(Beginning of Supplied information)

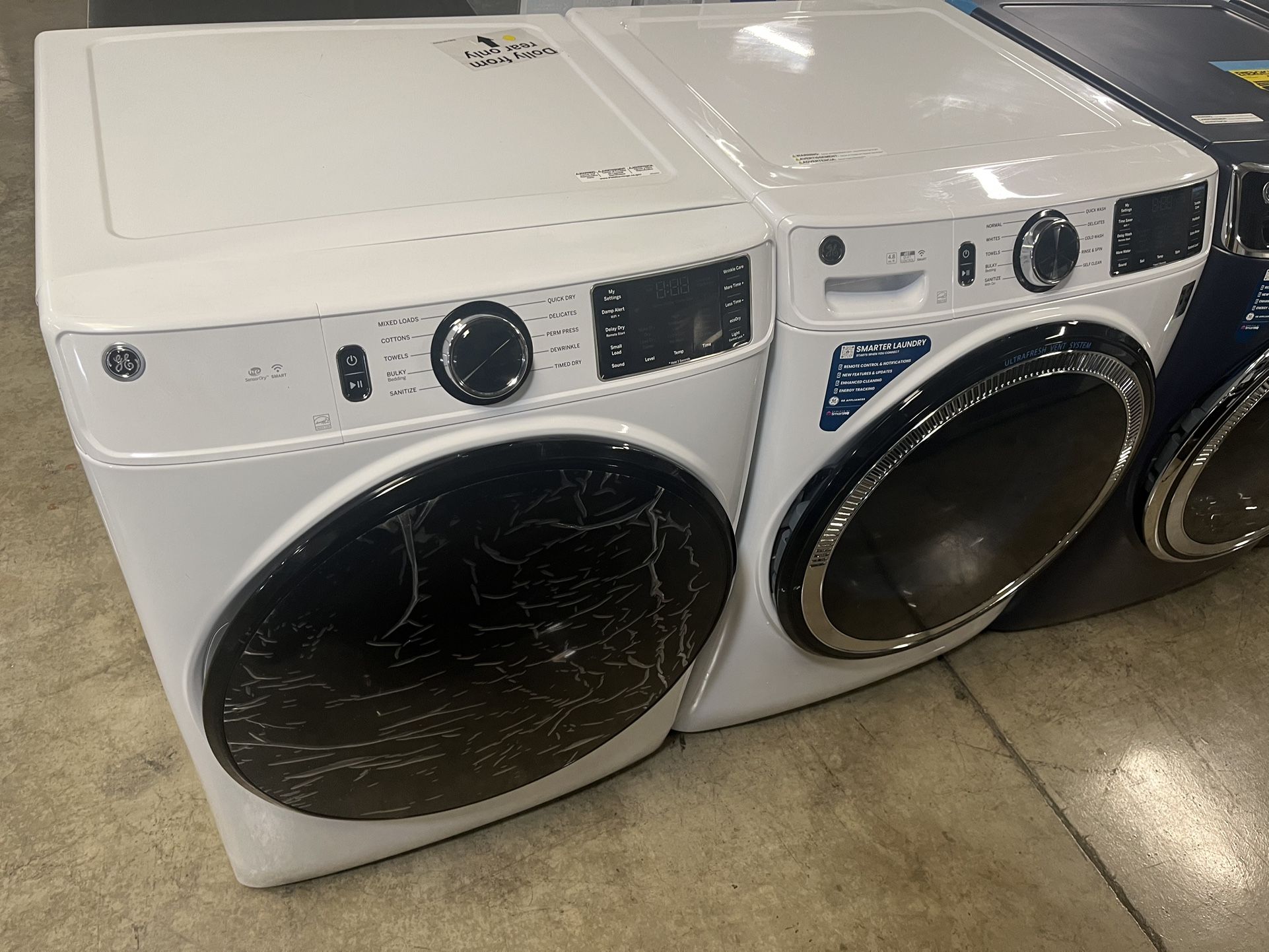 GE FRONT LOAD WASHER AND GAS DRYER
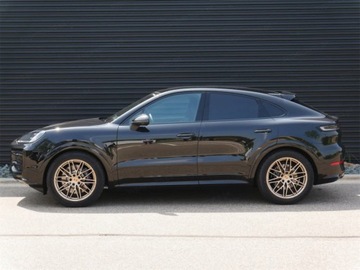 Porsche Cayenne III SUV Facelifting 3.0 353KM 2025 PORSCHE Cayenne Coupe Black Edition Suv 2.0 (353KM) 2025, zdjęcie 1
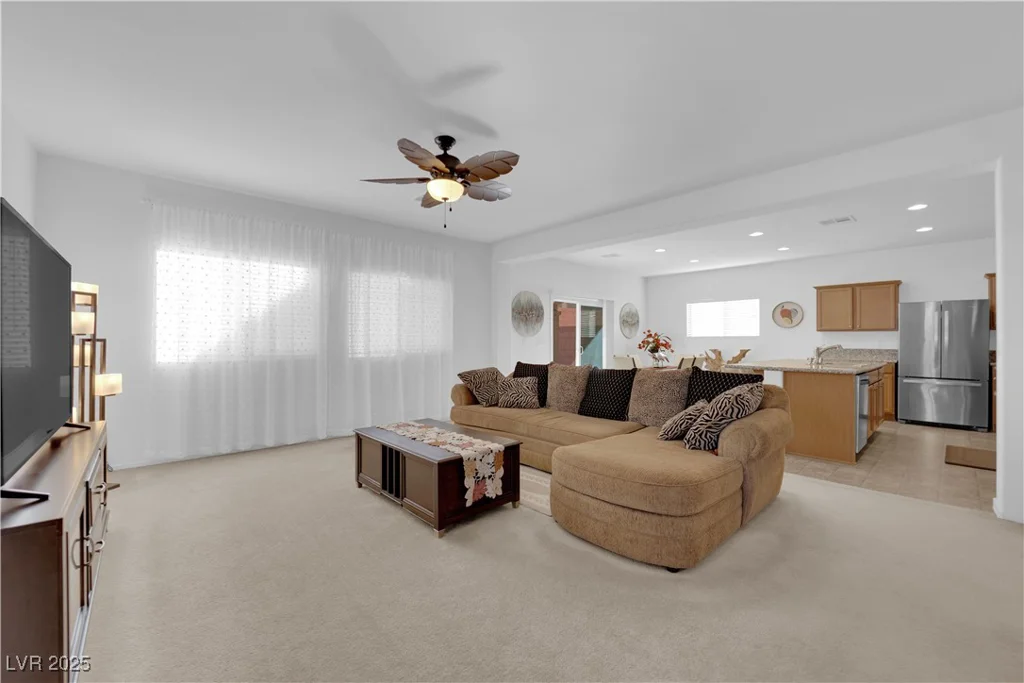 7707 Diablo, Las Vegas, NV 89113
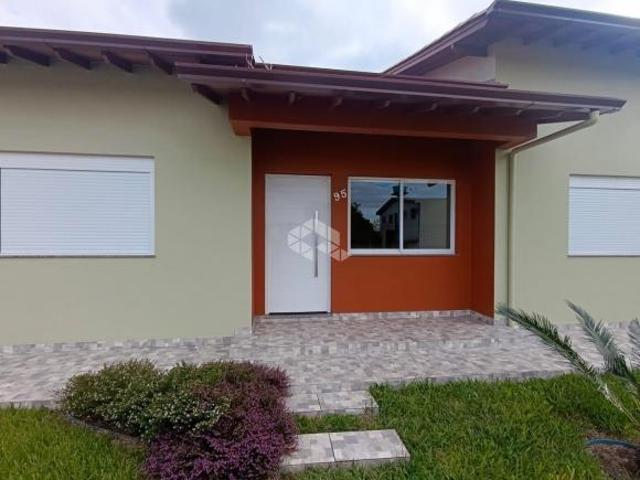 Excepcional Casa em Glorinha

(End of Supplied information)

Task details: Print the material again, unchanged, without its pictures.

Task response:
 GE FRONT LOAD WASHER AND GAS DRYER
 Porsche Cayenne III SUV Facelifting 3.0 353KM 2025 PORSCHE Cayenne Coupe Black Edition Suv 2.0 (353KM) 2025, zdjęcie 1
 7707 Diablo, Las Vegas, NV 89113
 Excepcional Casa em Glorinha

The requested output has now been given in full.